Posted on 2022-12-10 :: Tags: xvc, rust, finite state machines, state machines, pipeline, programming

I began writing Xvc’s pipeline and dependency handling. The best way to handle dependency states seems to be through a state machine. A state machine is a simple abstraction that shows state changes with respect to inputs. It can also have outputs for these state changes. There are some varieties of this, but Xvc’s state machine (SM) is a simple one.

I first tried to use the rust-fsm library, but it became apparent that Xvc pipeline steps’ states are tied to XvcRoot. That is, if we are to check the presence of a file or the value of a parameter, we have to do it relative to the repository root. The root directory should be taken into consideration in every transition.

I checked the code and noticed that the FSM is actually very simple. I copied it, added &XvcRoot to the transition and output functions in the trait definition, and implemented it for XvcOutput, XvcDependency, and XvcStep.

These are the constituents of a pipeline. A pipeline is composed of an XvcStep that defines a command, and each step can have multiple XvcDependency and XvcOutput definitions. For each of these structs, I’ve added fields that represent their current state.

For example, an XvcOutput can be Missing, Found, Old, or Ok. An XvcStep that produces this XvcOutput doesn’t check the dependency content hash if an output is missing. However, if an XvcOutput is Found, the XvcStepStateMachine checks the XvcDependency states and their modification times to see if they have changed since the output was generated. An XvcStep is invalidated when an XvcOutput is Missing or an XvcDependency has changed after the last command run.

Unlike DVC, I added the ability for an XvcStep to depend on other XvcSteps. They communicate through outputs. I’ve added XvcDependency::Step(XvcStep) to the XvcDependency definition. I’m also planning XvcDependency::Pipeline(XvcPipeline) to allow steps to depend on other pipelines, so that pipelines can be run in order.

Currently, the following are included as XvcDependency:

File: A (binary or text) file in the repository. If the metadata (size and modification time) or the content changes, the dependent step becomes invalidated.
Directory: A directory that contains files. If a file is added to or removed from the directory, or any of the files are changed, the associated step becomes invalidated.
Glob: A glob such as my-data/*.png. If the list of files changes or their content has changed, the associated step becomes invalidated.
Parameter: Xvc can parse YAML, TOML, and JSON files and get the values of variables. It’s possible to define these (hyper)parameters as dependencies.
URL: An HTTPS URL, which is checked first by metadata and then by content to see whether it has changed.
Step: A previously defined step; if it’s invalidated, the depending step also becomes invalidated.

Additionally, I’m planning to add the following items to Xvc as dependencies:

Lines {path, begin, end}: Lines in a text file. This can be used for general-purpose input tracking. If the given lines in a file are changed, the dependent step becomes invalidated.
Regex {path, regex}: If the regular expression result on the file changes, the dependent stage becomes invalidated.
Pipeline { name }: If any of the steps in a pipeline is invalidated, the pipeline is also invalidated, or the step that depends on this pipeline becomes invalidated.

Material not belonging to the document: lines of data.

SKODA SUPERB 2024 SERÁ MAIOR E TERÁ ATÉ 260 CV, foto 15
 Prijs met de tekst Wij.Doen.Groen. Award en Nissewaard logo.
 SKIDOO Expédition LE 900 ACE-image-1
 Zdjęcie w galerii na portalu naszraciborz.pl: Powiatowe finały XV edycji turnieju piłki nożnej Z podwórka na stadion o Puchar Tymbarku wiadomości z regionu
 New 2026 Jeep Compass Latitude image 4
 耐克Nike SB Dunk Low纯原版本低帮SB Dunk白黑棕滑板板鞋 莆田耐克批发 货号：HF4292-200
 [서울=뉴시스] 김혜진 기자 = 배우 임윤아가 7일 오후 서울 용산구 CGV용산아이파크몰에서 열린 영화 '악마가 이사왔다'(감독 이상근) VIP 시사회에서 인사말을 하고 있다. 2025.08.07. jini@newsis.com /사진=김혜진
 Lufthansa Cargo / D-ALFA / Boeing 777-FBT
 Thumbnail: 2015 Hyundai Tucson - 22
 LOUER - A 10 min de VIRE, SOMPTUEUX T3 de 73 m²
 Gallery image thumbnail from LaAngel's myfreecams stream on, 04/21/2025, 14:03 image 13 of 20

Each of these dependencies is checked minimally; that is, when their size on disk is detected to have changed, they are considered changed without checking the content hash. It needs a very detailed state machine to track the changes without bugs.

I’ve noticed that if I can write such a state machine, most of the I/O operations can be done in parallel. If two steps do not depend on each other in the dependency graph, they can be run in parallel. The state machine’s granularity allows this.